A little over a year ago in February of 2020, I was fortunate enough to run the Tarawera Ultramarathon 100-mile race in Rotorua, New Zealand.  Before traveling to the race there had been some rumblings about the coronavirus, but the impact had yet to really hit the United States.  So, I traveled abroad to New Zealand, having absolutely no idea that this ultra was going to be the last I would run for nearly an entire year.  As the virus began to rampage across the world in the months that followed, I would spend a lot of time reflecting on how fortunate I was to be on the start line for one of the last races to take place in 2020.

With the benefit of hindsight, I will never look at a race as “just a race” ever again.  It’s more than that. 

Almost a year to the day after running Tarawera, my wife Karen and I drove 12 hours down to Cave Creek, Arizona, so I could run the Elephant Mountain 50k.  I had been craving that race day experience for such a long time, and I decided it was finally time to pin a bib back on and make it happen!  Every single one of the races I had signed up for after Tarawera in 2020 and early 2021 had been canceled, so I started seeking out events in other states where I knew they were going off as planned.  Then, just four weeks later, we drove again to Anza, California, and I ran the Elder Creek 50-mile race on private lands owned by the Cahuilla Band of Cahuilla Indians.  Those private lands are under their own jurisdiction, which allowed that event to take place while nearly all others in California have been canceled.  I came home from both of those races feeling invigorated and enriched by the collective experiences, which led me to reflect some more.  What is it that I love SO MUCH about running ultramarathons?

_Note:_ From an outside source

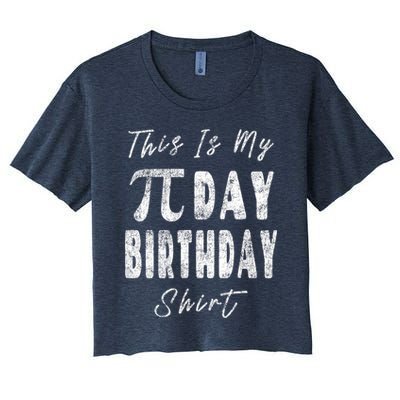 Retro This Is My Pi Day Birthday Shirt Pi Symbol 3 14 Crop Top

Running those races gave me an opportunity to experience the human interactions I had missed so much: running by other runners and saying hello or asking them how they are feeling; running past aid stations and thanking the volunteers for dedicating their weekend to support the runners and the event; saying hello to the crews of other runners and getting to know the spectators at the race; and of course, all of those “small world” encounters with new and old friends alike.  At Elephant Mountain I had a chance encounter with a friend whom I had “met” on social media just a few weeks earlier, and then again at Elder Creek I was able to share some miles with a buddy that I had last raced against in 2018!  In both cases, I had no idea that those people were going to be at the races, and it was only dumb luck and the close-knit nature of the community that led to those connections.  When you’re at an ultramarathon race, you’re bound to see somebody you know or somebody that knows you!

The lack of these experiences over the past year, though seemingly just a minor detail, had actually created a bigger void than I anticipated.  It was only once I re-entered the race atmosphere that I fully realized how much I missed it.  And now, with the benefit of hindsight, I will never look at a race as “just a race” ever again.  It’s more than that.  It’s an opportunity to connect with amazing people, collectively share in a difficult and challenging experience, and support each other along the way.  Life is all about the human experience, and a pandemic only serves to remind us of how much we rely on others to fulfill and enhance that experience!